Das Gutachten wurde uns nie vorgestellt.
Dem Gesamtbetriebsrat auch nicht?
Nein. Selbst die Stadt Leer hat es nicht bekommen, als sie um Einsicht bat. Wir sollen der Geschäftsleitung glauben, dass wir weggeputzt werden müssen. Die entsprechenden Zahlen dürfen wir nicht nachprüfen. Aber ich befürchte, der Grund, weswegen wir das Gutachten nicht sehen dürfen, ist viel dramatischer.
Spannen Sie mich nicht auf die Folter.
Ich glaube in dem Gutachten steht, das die Nordmilch sich allein durch die Schließung der drei Werke nicht sanieren kann. Da kommt noch was nach.
Was sind unter diesen Umständen die Ziele des Kampfes der Belegschaft?
Sieht schlecht aus. Belegschaft, Stadt, Kreis und Landes- sowie Bundespolitiker versuchen eine alternative Produktion für Leer zu finden.

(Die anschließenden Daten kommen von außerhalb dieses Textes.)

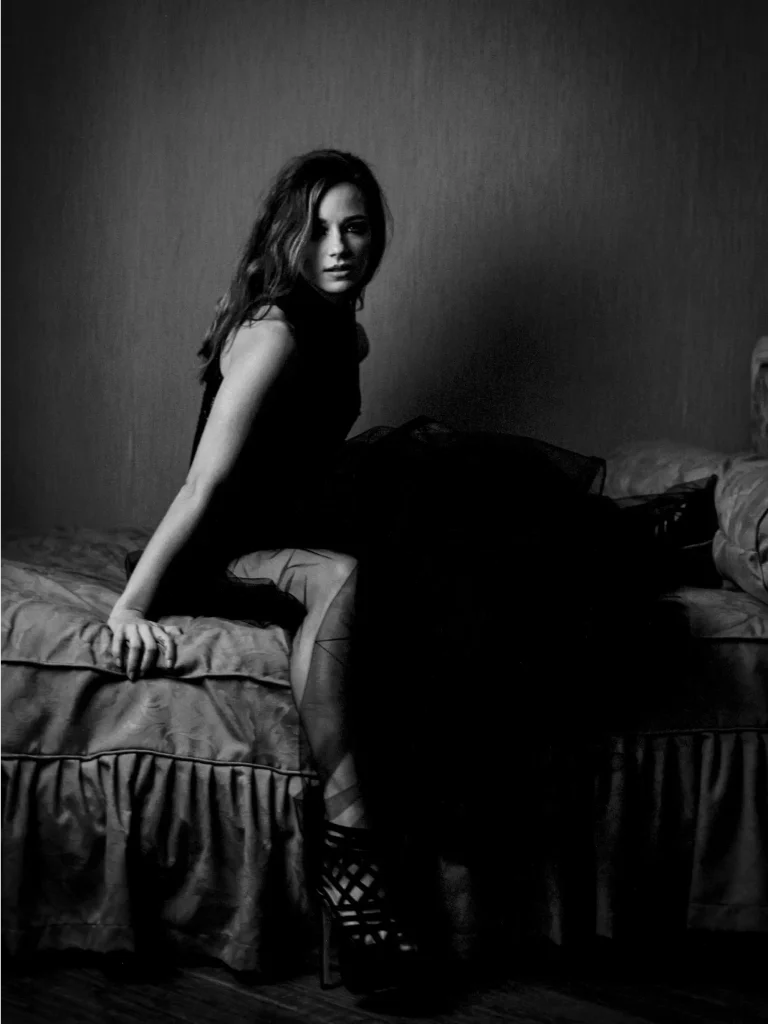 Portrait d'une femme posant sur un lit, regard vers l’objectif.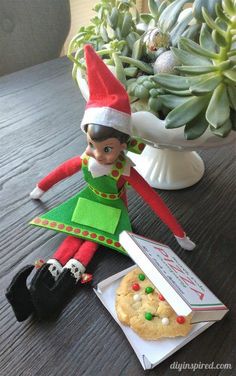 an elf is sitting on the table next to a cookie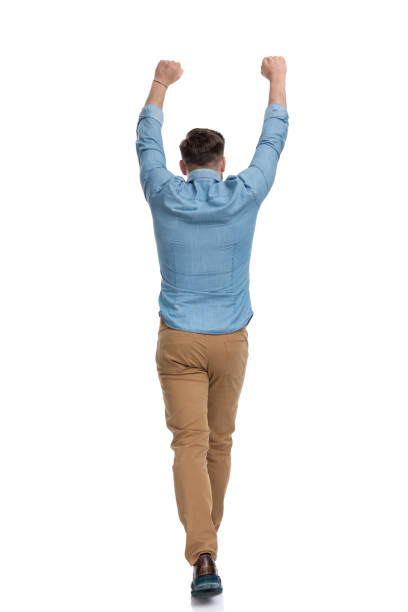 istock Rear view of a celebrating casual man walking 1208364661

So wie das Werk jetzt besteht, wird es möglicherweise nicht weiterbestehen können. Aber gerade die schwer vermittelbaren Kollegen um die vierzig brauchen eine Perspektive. Dann müssen wir so viele wie irgend möglich in anderen Nordmilch-Werken unterbringen. Dazu hat sich die Geschäftsleitung noch nicht geäußert. Dann brauchen wir ausreichende Sozialpläne. Hier haben wir bislang ganz gute Ergebnisse erzielt.